Roy leads undefeated Canada against Hasek's Czech Republic team (3-1) in Friday's semifinals, while Finland (2-2) plays Russia (4-0). The winners advance to Sunday's gold-medal game; the losers play Saturday for the bronze.
Both Canada and the Czech Republic are gold-starved.
The Canadians haven't won the Olympics since 1952, settling for silver after a thrilling shootout loss to Sweden at the 1994 games. The former Czechoslovakia won four silver medals, but never gold.
Hasek and Roy are out to change that.
"Either of them can win a game," Canada's Mark Recchi said.
Both goalies are 32 and left-handed. That's where their similarities end.
Hasek's unusual style involves rolling around on the ice, legs splayed, arms flying, until the puck hits him.
"Dominik relies on his quickness and he's unorthodox," said Canada's Joe Sakic, who won't play Friday because of a left knee injury.
Hasek is self-taught. There were no goaltending coaches in Czechoslovakia, not that he believes in them anyway. As a youngster, the only thing he was told was to keep his stick on the ice.
Roy, on the other hand, is less flashy. Behind his mask, he talks to himself in either English or his native French.
"He's the best I've seen in anticipating. Mentally, you're not going to beat Roy," said Sakic of his teammate on the NHL's Colorado Avalanche.
"I try to concentrate and not let my emotion go," Roy said. "Any big saves or a goal, you have to stay the same. I always think about making the next save."
The Hasek-Roy rivalry began in the NHL, where they've faced each other nine times as starters during the regular season.
Hasek is 4-2-3 in those games, with three shutouts and a 1.84 goals-against average for the Buffalo Sabres. Roy has one shutout and a 2.07 goals-against mark.
But Roy is slightly better in Nagano.
Playing his first international tournament, he's helped Canada to four consecutive wins, including a 30-save performance against the United States. His average of one goal per game is tops among the four remaining goalies.

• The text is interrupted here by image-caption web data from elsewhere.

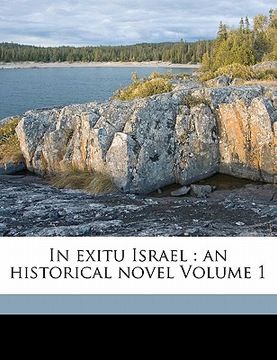 portada in exitu israel: an historical novel volume 1 (in English)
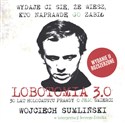 [Audiobook] Lobotomia 3.0 Trzydzieści lat holokaustu prawdy o jego śmierci 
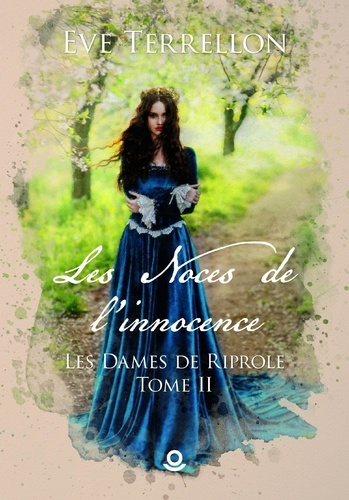 Emprunter Les noces de l'innocence. Tome 2, Les Dames de Riprole livre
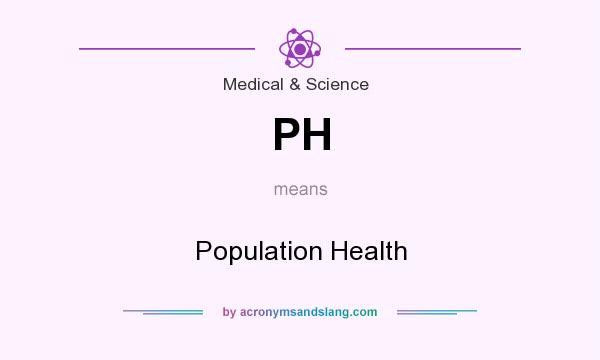 What does PH mean? It stands for Population Health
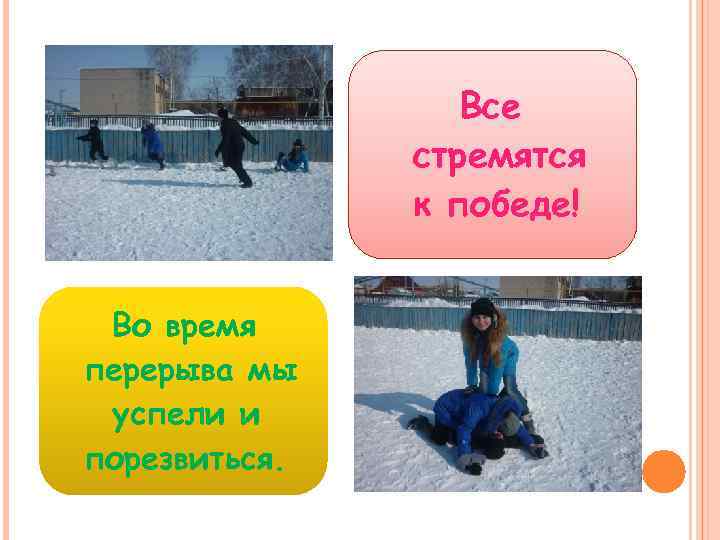 Все стремятся к победе! Во время перерыва мы успели и порезвиться. 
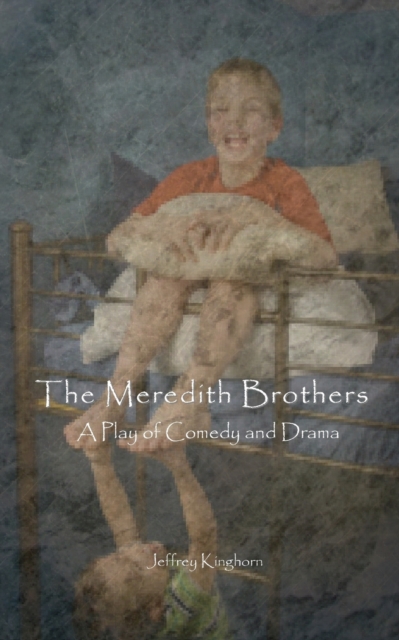 The Meredith Brothers : A Play of Comedy and Drama, Paperback / softback Book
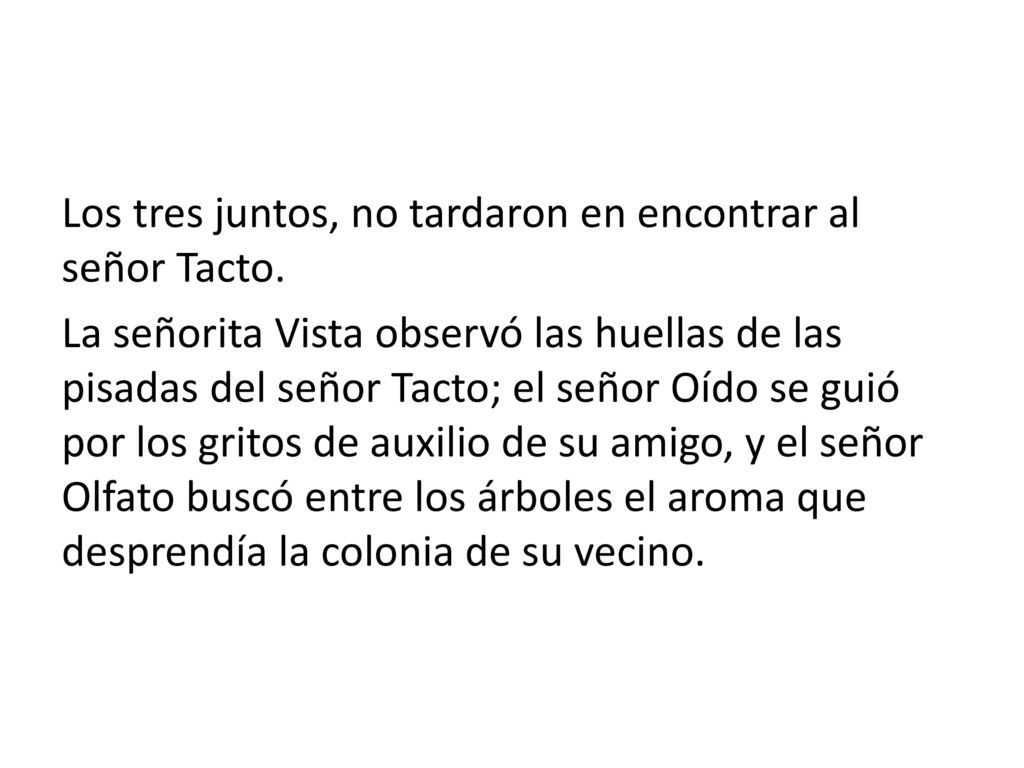 Los tres juntos, no tardaron en encontrar al señor Tacto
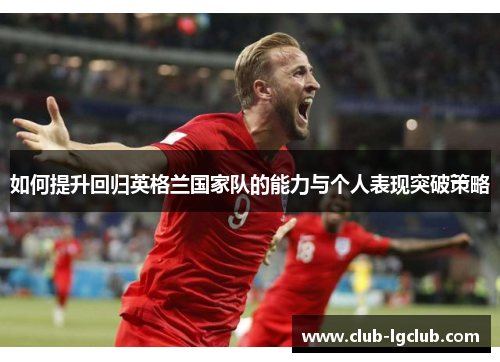 如何提升回归英格兰国家队的能力与个人表现突破策略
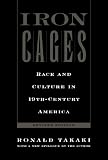 Iron Cages : Race and Culture in 19th-Century America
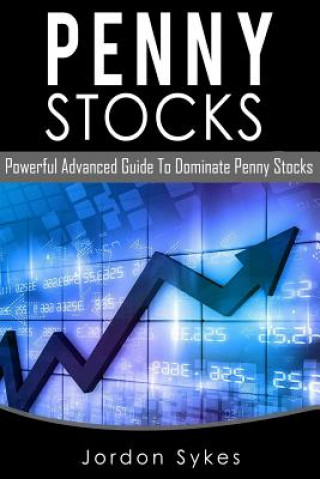 Carte Penny Stocks: Powerful Advanced Guide To Dominate Penny Stocks Jordon Sykes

Hasek is 3-1 in the Olympics, with a 1.25 goals-against mark and a .955 save percentage, stopping 105 of 110 shots. He stopped 38 shots in a 4-1 quarterfinal win over the United States.
"Some of the saves he made were unbelievable," Czech captain Vladimir Ruzicka said. "I've never seen a better goalie. His legs were going over here, his hands were going over there."
Befitting their status as the NHL's best, Hasek and Roy have dominated the league's awards in recent years.
They're both three-time winners of the Vezina Trophy for goaltending. Last season, Hasek was the league's most valuable player. Roy is a three-time Stanley Cup winner and twice MVP of the playoffs.
"I would not trade my Stanley Cup for a gold medal, but I'd love to add a gold medal," Roy said.
Both are equally talented, but Hasek may have an edge over Roy on the bigger international ice surface. Roy has spent his career on the 3,000-square-foot smaller North American rinks.
"There's a good difference, especially on the angle since a guy is further away," Roy said. "On the power play, it takes more time for players to get in front of the net. I thought it would be more crowded in front of our net."
The impact of Hasek and Roy could be lessened if either side minimizes the other's scoring chances.
"It's very important to get traffic in front of him, but in the bigger rink, it's more difficult because you're so spread out," Canada's Kevin Stevens said of Hasek.
"They're two of the best goalies in the game and they're both on their game right now," Canada's Brendan Shanahan said. "It should be a real challenge for the goal-scorers on both sides."